Aoiffe has 22 years’ experience of working at the humanitarian research-policy-practice interface. As an academic she has worked with remote agrarian communities who are vulnerable to environmental disasters to explore how political identity, environmental conflict, and unequal livelihoods shape local knowledge of humanitarian response. Aoiffe has conducted action research in Nicaragua and Cuba working with local communities in response to major hurricanes, and policy research in response to drought in Eswatini, contributing to the development of the first national climate compatible development policy. She has worked with refugees and policy makers on community/ refugee humanitarian resource conflicts in Uganda and South Sudan, and on post conflict identity-based land rights in Rwanda. Other research contexts include India; Pakistan; Honduras; Cote d’Ivoire; South Africa; and Sri Lanka.

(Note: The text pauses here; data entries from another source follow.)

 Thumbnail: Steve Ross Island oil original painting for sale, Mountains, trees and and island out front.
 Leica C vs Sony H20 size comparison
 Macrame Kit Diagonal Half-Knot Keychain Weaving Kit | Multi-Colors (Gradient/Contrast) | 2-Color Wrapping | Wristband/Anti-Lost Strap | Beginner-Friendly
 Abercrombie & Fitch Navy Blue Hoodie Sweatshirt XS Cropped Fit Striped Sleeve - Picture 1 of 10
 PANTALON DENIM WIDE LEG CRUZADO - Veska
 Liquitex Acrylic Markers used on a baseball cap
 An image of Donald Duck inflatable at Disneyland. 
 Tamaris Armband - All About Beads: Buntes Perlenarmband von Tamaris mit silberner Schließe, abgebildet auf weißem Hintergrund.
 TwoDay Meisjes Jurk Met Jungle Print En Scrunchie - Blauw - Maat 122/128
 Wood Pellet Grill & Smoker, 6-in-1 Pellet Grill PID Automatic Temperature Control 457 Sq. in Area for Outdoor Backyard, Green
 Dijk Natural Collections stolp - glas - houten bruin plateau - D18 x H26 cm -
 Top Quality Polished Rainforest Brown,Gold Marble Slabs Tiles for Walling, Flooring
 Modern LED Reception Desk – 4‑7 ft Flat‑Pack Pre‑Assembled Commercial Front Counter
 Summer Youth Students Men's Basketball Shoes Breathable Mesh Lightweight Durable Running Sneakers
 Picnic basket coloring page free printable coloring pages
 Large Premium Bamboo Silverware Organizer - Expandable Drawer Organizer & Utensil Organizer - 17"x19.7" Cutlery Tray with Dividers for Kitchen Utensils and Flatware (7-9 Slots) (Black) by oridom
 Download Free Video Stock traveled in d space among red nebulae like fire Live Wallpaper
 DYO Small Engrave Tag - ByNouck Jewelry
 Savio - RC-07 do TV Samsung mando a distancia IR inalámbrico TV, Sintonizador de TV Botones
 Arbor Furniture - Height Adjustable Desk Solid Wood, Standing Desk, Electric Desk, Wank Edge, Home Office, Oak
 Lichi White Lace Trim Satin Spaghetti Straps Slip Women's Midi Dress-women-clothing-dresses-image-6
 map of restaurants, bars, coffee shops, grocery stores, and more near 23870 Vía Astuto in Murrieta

Aoiffe has worked with development and humanitarian organisations as a research editor, and a research and methodology coach. She has an expertise in decolonial, local, and action orientated research methodologies conducted in fragile and insecure environments. She prioritises localised research approaches and knowledge co-production and has conducted primary research in Spanish and French. She draws on her research experiences to offer training on research ethics, especially working with local knowledge producers, translators, and fixers; positionality and localised ways of knowing; emotion in the research process; and immersive research, something she first did by accident in Nicaragua, and then purposefully in Eswatini, where she and her young children lived in the communities she was researching.
She is a former UK delegate to the International Standards Organisation and led international policy making in community resilience to disasters through negotiations with representatives from 40 national governments. As a university departmental Undergraduate Director at the Humanitarian and Conflict Response Institute, University of Manchester, Aoiffe led the design and implementation of the first undergraduate degree in humanitarianism in the world and continues to consult with universities on research methods and practice-based curricula.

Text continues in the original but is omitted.